Austin Hodge’s family resided in Tucson, so they chose to open the shop here.
“You have very dense and very long histories of tea production that exist throughout [China],” says McNeill, who today is Seven Cups’ director of business development. “And, historically, China being a very fragmented place linguistically, culturally even, there hasn’t been a whole lot of unity in these teas being available in one place.”
He joined the business in 2007, relocating from central Florida, where he was raised. The Hodges asked that he work in the warehouse and teahouse and that he also keep the books, a jack-of-all-trades role. Then employed by a teashop in Orlando — and a non-degree-seeking student of Chinese language — McNeill says that he moved across the country for a minimum-wage job because no one anywhere was doing what the Hodges, “tea geeks” like him, were.
The tea industry, he says, prized homogeneity and obscured sources to safeguard business interests. But the Hodges weren’t like that. They labeled teas with their year of harvest and chief teamaker, rather than describing them vaguely as being "from China.”
For McNeill, the most important aspect of the Seven Cups enterprise is the building of solid, respectful relationships with Chinese teamakers creating specialty teas across the country — and shepherding that tea to American customers. “Connecting those two ends of the supply chain,” he says, “has been the core of what Seven Cups is.”
Respecting Chinese ways of being and knowing, never veering into the “colonial mindset” that he has at times observed among westerners, is of central importance to McNeill. “Knowledge is flowing from here to us,” he says, meaning from the teamakers to him and the Hodges. “We have to understand that that’s the direction that it’s coming.” To ignore or discount the context in which Chinese tea is produced is poor form, he suggests, for both business and the spirit.
The Hodges and McNeill have embraced this attitude of listening and learning in their time running the teahouse — and not only during their sourcing trips to teamaking centers of China like Wuyishan City, a southeastern city famous for oolong where rock formations, McNeill says, almost “hang in the clouds.” Small businesses must listen and learn, he says, noting that the Hodges have relied on past Eller MBA candidates like Mikel Chertudi, today a lecturer at the college, to evaluate the business’s operations.
While working at Seven Cups, McNeill also went back to school, enrolling in 2009 at the University of Arizona, where he declared a major in agricultural economics. He also continued his Chinese-language studies and, at the end of his first year, was encouraged by his professors to apply for a yearlong scholarship program in Taiwan.
“Being accepted to that program really changed my life,” he says. He’d seen new ways of living and learning and couldn’t return to the old. “I wanted to continue to study Chinese,” he says.

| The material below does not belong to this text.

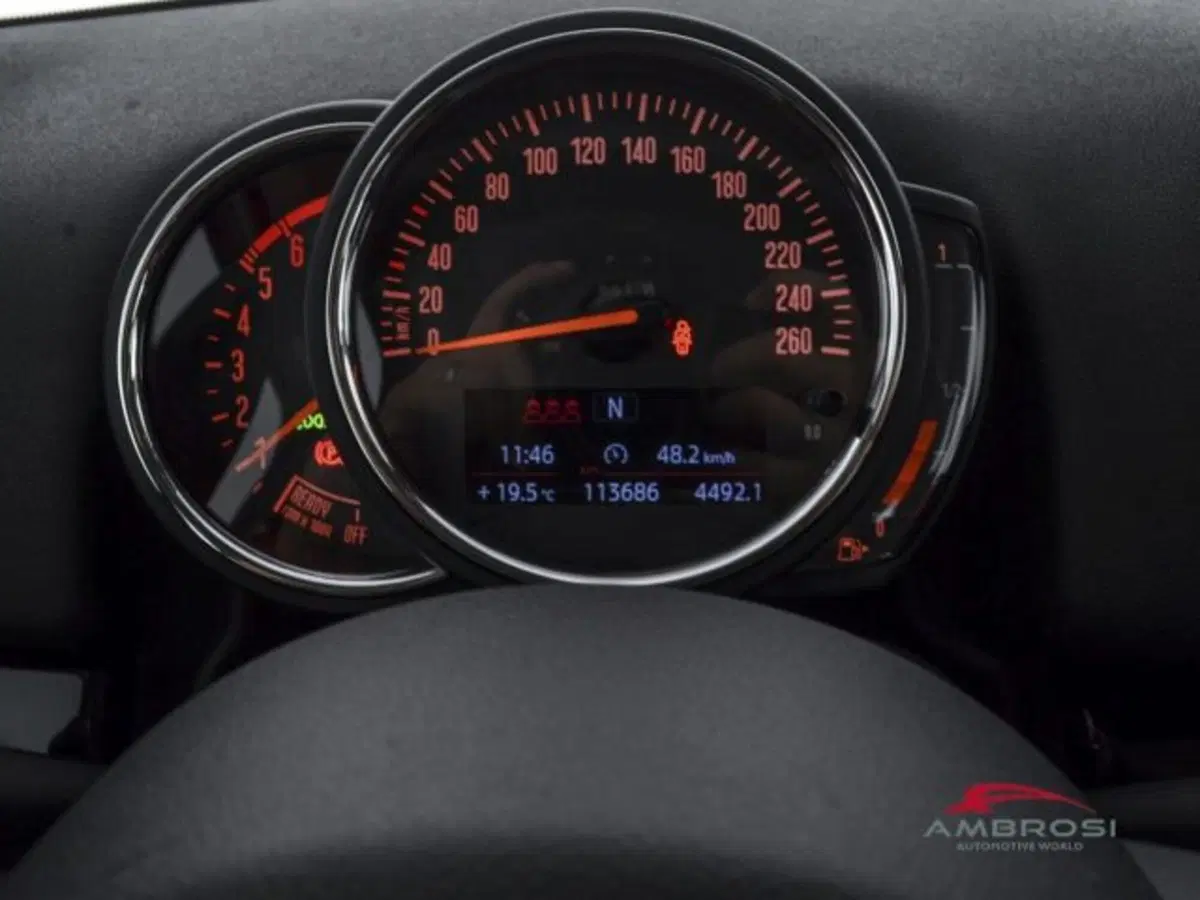 MINI Mini Countryman usata a Perugia (13)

“Especially with the relationships I had with the department, it just seemed too good to leave that opportunity.” McNeill earned his degree in East Asian studies, taking courses in Chinese language; in literature, film and translation; and in anthropology. He also minored in business.
McNeill started reading about Chinese tea when he was 20 or so years old and just trying to find his way forward. Back then, he couldn’t read Chinese-language books on the subject, and only a few were available in English. He didn’t know, of course, that he’d end up across the country, closely studying Chinese language and making a career in Chinese tea. “You get interested in something, and it leads to 10 other things,” he observes.
A cup of tea becomes seven, and before you know it, you have a life.